On the other hand, the Tie::StdArray class (defined in the standard Tie::Array module) provides a base class with default methods that assume the object contains a regular array. Here's a simple array-tying class that makes use of this. Because it uses Tie::StdArray as its base class, it only needs to define the methods that should be treated in a nonstandard way.

#!/usr/bin/perl
package ClockArray;
use Tie::Array;
our @ISA = 'Tie::StdArray';
sub FETCH {
    my($self,$place) = @_;
    $self->[ $place % 12 ];
}
sub STORE {
    my($self,$place,$value) = @_;
    $self->[ $place % 12 ] = $value;
}

package main;
tie my @array, 'ClockArray';
@array = ( "a" ... "z" );
print "@array\n";

When run, the program prints out "y z o p q r s t u v w x". This class provides an array with only a dozen slots, like hours of a clock, numbered 0 through 11. If you ask for the 15th array index, you really get the 3rd one. Think of it as a travel aid for people who haven't learned how to read 24-hour clocks.

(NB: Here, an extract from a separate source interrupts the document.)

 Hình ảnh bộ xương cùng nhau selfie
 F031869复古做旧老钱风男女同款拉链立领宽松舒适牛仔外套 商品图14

14.2.1. Array-Tying Methods

That's the simple way. Now for some nitty-gritty details. To demonstrate, we'll implement an array whose bounds are fixed at its creation. If you try to access anything beyond those bounds, an exception is raised. For example:

use BoundedArray;
tie @array, "BoundedArray", 2;

$array[0] = "fine";
$array[1] = "good";
$array[2] = "great";
$array[3] = "whoa";   # Prohibited; displays an error message.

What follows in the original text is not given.